A grande maioria relata sentir-se muito acolhido e confiar na equipe e no espaço do grupo das quintas-feiras promovido pela UBS. Tanto que o grupo funciona há anos e o vínculo e a adesão é perceptível na relação dos idosos com a equipe. Adoram o momento da dança, mas também valorizam os cuidados da enfermagem. Da mesma forma, as rodas de conversa foram referidas por eles como espaços prazerosos e de confiança.
O retorno dos idosos foi positivo em relação a abertura de um espaço de escuta e diálogo. Através deste, conferiu-se uma maior aproximação com os usuários e suas realidades, na medida em que as rodas de conversa constituíram um espaço de falas acerca de temas não contemplados pelo modelo biomédico. Os cuidados ofertados na UBS ainda estão muito centrados no aspecto orgânico e tecnicista, embora a equipe que implementa o programa do hiperdia e da dança se esforce em ampliar o diálogo para além do corpo. A entrada da roda de conversa, como uma das modalidades de cuidado, parece ter contribuído também para reforçar entre os trabalhadores a necessidade da palavra e da escuta dos grupos acompanhados, o que se revelou na adesão dos idosos ao falaram abertamente de suas dores e prazeres.

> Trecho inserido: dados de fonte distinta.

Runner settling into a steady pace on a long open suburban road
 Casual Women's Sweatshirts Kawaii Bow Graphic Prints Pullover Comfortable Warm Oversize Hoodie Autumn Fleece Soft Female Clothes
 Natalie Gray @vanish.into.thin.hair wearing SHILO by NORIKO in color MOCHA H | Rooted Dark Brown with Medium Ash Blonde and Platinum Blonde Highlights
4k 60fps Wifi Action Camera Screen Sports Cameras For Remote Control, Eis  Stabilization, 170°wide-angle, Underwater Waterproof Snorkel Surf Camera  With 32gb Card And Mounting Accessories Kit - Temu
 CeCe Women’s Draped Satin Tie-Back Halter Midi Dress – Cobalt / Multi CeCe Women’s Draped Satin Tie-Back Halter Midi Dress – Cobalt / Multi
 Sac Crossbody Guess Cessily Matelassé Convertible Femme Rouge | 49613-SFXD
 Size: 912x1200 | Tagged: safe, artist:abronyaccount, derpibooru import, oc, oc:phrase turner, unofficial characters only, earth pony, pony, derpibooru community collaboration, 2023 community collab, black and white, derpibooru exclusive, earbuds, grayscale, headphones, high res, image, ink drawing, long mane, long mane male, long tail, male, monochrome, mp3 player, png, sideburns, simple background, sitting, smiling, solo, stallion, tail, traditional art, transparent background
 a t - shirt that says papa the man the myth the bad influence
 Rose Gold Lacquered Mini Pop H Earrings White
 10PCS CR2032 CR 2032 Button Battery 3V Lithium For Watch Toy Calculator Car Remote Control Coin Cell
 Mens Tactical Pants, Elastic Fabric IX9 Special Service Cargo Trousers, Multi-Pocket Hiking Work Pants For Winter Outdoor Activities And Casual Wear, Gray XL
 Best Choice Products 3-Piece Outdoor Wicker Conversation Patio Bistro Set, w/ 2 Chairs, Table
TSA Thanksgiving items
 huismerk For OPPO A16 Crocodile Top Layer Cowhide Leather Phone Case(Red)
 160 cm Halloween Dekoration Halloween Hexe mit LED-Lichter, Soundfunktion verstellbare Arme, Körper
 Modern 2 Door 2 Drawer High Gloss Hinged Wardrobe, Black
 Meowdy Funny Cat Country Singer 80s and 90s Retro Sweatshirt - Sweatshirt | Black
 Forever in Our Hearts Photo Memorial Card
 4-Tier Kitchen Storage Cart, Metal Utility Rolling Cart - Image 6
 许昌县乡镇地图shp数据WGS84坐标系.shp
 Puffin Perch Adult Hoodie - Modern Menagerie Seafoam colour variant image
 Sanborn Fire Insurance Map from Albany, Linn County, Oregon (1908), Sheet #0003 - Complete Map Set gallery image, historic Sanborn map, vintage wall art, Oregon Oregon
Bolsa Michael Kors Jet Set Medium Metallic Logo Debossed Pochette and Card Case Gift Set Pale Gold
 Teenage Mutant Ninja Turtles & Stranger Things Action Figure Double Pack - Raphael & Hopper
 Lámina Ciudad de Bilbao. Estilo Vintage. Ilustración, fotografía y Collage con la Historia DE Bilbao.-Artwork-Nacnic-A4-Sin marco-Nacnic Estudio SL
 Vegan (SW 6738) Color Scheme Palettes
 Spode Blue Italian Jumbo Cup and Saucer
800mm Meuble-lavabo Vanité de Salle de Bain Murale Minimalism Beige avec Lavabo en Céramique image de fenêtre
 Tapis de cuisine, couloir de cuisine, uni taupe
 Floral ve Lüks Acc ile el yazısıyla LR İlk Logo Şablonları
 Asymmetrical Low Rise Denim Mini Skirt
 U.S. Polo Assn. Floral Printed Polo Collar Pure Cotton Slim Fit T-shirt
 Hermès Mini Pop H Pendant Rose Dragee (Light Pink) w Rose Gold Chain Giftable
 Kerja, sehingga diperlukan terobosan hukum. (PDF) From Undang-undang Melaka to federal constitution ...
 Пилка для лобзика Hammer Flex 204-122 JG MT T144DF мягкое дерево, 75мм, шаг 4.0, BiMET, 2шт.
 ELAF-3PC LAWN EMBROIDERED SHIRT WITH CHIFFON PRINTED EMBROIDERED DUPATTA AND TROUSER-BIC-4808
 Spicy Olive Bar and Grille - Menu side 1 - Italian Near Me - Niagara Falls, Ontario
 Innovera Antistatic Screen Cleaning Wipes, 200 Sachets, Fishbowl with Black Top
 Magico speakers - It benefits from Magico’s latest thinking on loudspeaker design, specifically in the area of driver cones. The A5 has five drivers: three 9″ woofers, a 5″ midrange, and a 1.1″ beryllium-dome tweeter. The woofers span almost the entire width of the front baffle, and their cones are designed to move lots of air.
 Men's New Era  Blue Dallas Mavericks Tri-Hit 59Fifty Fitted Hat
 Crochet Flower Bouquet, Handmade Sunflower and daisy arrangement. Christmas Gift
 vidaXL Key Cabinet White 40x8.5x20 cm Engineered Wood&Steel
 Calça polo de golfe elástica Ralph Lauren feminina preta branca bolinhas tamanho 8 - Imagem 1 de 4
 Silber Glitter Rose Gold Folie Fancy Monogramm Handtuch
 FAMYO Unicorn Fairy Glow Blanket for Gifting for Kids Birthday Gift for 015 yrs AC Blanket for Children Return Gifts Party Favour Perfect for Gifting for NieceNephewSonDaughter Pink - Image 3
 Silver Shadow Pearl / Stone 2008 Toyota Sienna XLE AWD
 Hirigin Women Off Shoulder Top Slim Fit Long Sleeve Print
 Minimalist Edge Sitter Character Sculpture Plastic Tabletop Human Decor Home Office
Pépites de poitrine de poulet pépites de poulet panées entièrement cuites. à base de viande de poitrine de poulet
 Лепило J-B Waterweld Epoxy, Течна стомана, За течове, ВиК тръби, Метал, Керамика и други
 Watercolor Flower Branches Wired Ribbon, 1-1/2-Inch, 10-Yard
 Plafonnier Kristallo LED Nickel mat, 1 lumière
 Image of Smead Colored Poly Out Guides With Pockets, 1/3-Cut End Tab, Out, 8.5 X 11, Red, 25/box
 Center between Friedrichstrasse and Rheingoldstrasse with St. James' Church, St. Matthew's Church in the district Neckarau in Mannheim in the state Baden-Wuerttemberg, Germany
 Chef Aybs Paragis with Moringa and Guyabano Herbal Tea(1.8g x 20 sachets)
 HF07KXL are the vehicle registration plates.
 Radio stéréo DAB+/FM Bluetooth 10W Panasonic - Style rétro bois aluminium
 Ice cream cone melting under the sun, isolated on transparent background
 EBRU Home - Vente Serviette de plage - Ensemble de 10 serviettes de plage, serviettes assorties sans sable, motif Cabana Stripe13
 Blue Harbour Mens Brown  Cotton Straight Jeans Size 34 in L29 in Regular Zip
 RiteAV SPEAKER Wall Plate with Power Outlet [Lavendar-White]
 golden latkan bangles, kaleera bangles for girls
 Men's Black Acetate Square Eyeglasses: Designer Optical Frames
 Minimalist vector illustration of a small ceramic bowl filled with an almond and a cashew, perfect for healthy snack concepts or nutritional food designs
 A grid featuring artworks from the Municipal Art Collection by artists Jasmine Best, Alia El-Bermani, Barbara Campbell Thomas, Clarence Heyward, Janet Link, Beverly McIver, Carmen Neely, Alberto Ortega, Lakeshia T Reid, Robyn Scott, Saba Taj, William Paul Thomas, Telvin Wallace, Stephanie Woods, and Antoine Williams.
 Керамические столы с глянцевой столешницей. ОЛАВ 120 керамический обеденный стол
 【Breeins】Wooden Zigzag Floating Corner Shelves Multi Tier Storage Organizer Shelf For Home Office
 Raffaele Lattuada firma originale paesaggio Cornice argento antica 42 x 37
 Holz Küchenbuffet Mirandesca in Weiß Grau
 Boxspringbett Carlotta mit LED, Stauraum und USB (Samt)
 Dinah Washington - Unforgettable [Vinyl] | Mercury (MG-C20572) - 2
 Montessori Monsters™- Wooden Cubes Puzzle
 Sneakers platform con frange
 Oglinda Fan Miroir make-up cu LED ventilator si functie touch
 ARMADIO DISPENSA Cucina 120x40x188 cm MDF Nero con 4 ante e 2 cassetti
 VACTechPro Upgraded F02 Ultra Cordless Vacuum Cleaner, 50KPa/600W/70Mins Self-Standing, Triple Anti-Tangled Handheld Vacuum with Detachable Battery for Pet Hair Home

A consolidação desse espaço de escuta na roda de conversa, através do componente de grupalidade, mostraram-se imprescindíveis para o desenvolvimento do bem-estar dos idosos, além de possibilitar uma noção ampliada de saúde, que escape à lógica da “ausência de doença”. Portanto, ao considerarmos aspectos ligados ao sofrimento e estratégias utilizadas, foi possível pôr em destaque o usuário, reconhecendo-lhe enquanto sujeito ativo, necessário à construção de um modelo de cuidado descentralizado, regionalizado e integral, o qual se aproxime e parta de suas vivências, colocando-os como protagonistas do seu processo de cuidado.